No. Digital copies being pirated are causing me financial harm. Fair use back up of a bluray is another bluray.
Not only is that EXACTLY what AnyDVD allows you to do, but how would your logic apply to Compaq copying the IBM PC BIOS to reverse engineer it and then make a legal clone? It had to exist as an intermediary file. By your standards, it's simply illegal.

Compaq had a team of lawyers to make sure that not even a single byte of IBM's copyrighted BIOS was copied into their compatible clone. They even isolated the teams disassembling the old BIOS and the teams writing the new BIOS.
Don't tell me that no one considers it a protection to be circumvented. Around 1999, while the DMCA was being pushed closer and closer, Nintendo out-right claimed that ROM chips were a form of copy protection and that your right to a backup only applied to software on discs/disks. Now that their software products are published on discs and are more fragile than ever, our right to back them up has been taken away by the DMCA.

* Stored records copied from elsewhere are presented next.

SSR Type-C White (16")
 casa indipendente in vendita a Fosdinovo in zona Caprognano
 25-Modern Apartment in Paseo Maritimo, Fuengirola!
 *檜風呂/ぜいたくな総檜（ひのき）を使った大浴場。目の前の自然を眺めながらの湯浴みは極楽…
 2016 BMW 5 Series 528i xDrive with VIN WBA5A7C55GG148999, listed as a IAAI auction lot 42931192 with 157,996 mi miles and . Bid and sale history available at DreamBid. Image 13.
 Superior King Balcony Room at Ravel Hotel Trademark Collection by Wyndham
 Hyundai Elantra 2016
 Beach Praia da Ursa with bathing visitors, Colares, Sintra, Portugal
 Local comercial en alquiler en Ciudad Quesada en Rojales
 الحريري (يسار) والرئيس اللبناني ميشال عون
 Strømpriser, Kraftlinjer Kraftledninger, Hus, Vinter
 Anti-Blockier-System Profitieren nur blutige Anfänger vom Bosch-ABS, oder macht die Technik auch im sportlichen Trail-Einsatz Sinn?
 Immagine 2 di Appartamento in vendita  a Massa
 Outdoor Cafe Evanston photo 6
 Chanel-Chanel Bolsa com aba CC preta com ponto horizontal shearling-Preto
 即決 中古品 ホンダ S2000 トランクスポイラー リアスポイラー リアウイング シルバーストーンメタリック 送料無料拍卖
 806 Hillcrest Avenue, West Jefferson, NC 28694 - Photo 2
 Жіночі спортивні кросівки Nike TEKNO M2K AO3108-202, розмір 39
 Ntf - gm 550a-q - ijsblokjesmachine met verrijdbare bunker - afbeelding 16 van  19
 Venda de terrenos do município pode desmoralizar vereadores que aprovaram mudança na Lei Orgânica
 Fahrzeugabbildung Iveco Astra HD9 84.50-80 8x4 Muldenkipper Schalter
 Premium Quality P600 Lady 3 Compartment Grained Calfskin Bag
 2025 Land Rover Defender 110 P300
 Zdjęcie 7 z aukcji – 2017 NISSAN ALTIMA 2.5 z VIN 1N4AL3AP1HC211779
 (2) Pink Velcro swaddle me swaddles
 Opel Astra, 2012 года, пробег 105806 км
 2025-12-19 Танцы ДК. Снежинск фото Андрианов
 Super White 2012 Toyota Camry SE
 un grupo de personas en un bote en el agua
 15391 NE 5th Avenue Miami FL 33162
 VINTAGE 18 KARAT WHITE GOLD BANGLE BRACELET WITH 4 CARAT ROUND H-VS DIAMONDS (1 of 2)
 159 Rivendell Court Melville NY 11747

I have a problem with that.
Sony is another example. They claimed that they had no way to predict that CD-RS would ever exist and that putting music on read-only CD was a form of copy protection. They stopped arguing that soon after they realized that it wasn't CD-RS that they had to worry about. They created all kinds of audio CD copy protections including root kits and the one that was easily defeated with a Sharpie marker. Their efforts created all kinds of problems and repair bills for Mac users who popped them in their slot load drives and found that they could no longer eject the disc. According to you, those users should have never tried to rip the disc to put it on their iPod. I guess they just should have pirated it then?